We watched you die on a blue-sky morning
as children played ball outside your hospital
window and tubes in your arms sucked your
veins until they were black and blue and your
blood pressure dropped to zero. Your ecstasy
of night finally relieved your pain and anguish
after leaving your four daughters behind. I
didn’t know much about your life before you
married Dad, for how could I have known what
you remembered—your past was your past,
you said, and you wouldn’t talk about it
even as you lay dying—a stoic to the end.
Besides, you were deaf and in massive pain.

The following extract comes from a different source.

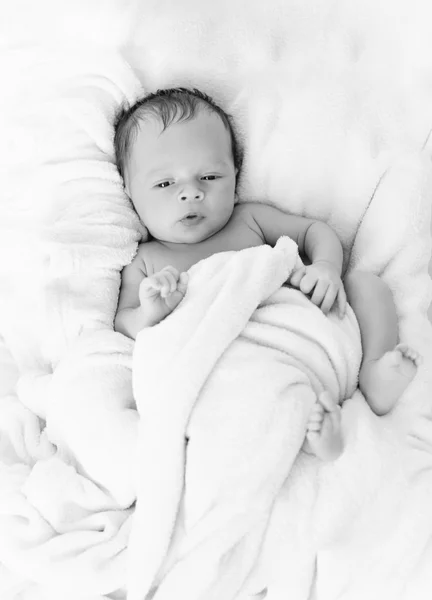 Schwarz-Weiß-Foto eines Jungen in Decke auf dem Bett — Stockfoto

Maybe it was my need, this craving necessity,
to write this poem, to grieve your dying,
to understand the facts of your childhood,
the only ones I know, abandoned by your father
at seven, never seeing him again, abused by
your mother’s boyfriend, who when drunk,
beat and whipped your younger brother—
one of four—you a child runaway. You didn’t
talk much about the Depression, but you were
hungry for days, you said, facts imprinted even
after your death. The terror of your childhood
haunted me, as if your past was an uninvited
load I had to remove so I could get on with
my own living. Well, it’s been a long time since
I have done this grieving. A very long time.
I’m Done With This Grieving
We watched you die on a blue-sky morning
as children played ball outside your hospital
window and tubes in your arms sucked your
veins until they were black and blue and your
blood pressure dropped to zero.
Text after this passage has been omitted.